Monday, December 15, 2008

The slow creeping days of vacation I´ve been warned about are here. I miss my family and watching my host family get together with all the awkward moments, old stories and inside jokes doesn´t make things easier. Not being particularly emotional, I tried getting really drunk instead which resulted in nothing more than embarrassment and a very difficult run the next morning--training for a half marathon an hour south of me in the Ithsmus-Bound Cordillera Isabella.

I´ve spent plenty of time calling my counterparts and looking for new work with coffee cooperatives, the harvest of which has begun. I though I would see only an increase in work due to my connection with a large coffee exporter, but the opposite has been true. I woke up at four thirty in the morning to take a four hour bus ride for a ten o´clock meeting with a cooperative coordinator. How did that pan out? He wasn´t in the office that day. I called and or showed up at the coffee exporter office four days in a row. What happened? My counterpart was not in or did not call me back. I tried to take a two hour bike ride over a mountain with a faulty bike to find a friend to get my new phone´s user code. Where did I end up? Sleeping in his bed waiting for enough sun to ride back and talking to him on the phone because he wasn´t there.

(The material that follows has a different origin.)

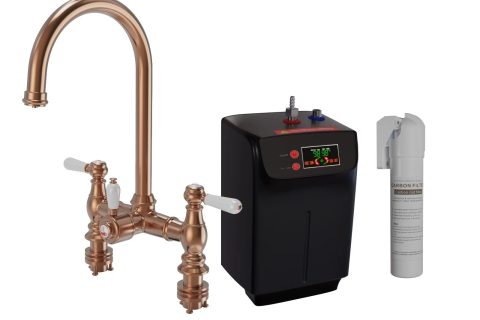 Traditional Bridge style  – 3 in 1 Instant Hot Water Tap with tank and filter (Multiple Colours Available )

Other than that, I´ve had a lot of time to run, yoga and read. I´ve been running through books faster than I ever have and listening to the same CDs over and over again. It reminds me of the Christmas breaks of the past sans Starwars on constant repeat. Oh and I´m wearing shorts right now.

2 comments:

Pat Reynolds said...

I guess communication is more art than science in Nicaragua.

Can we send you some new CDs? Mom sent a book recently. Be sure to let us know when something arrives, because so many things we've sent have gone missing. Did the field guide to birds ever make it?

Shorts, eh? It was 8 degrees this morning.

Good, as always, to read your blog.

Love,
Dad

Lourdes said...

I remember Ireland in winter, shivering in a cold house with a bag of turf that I didn't know how to use until someone came home. That first year, I rarely felt warm. We'd sit on the one heating unit in the sitting room, warming our rear-ends and nothing else. A couple of differences: I wasn't alone and you're not cold.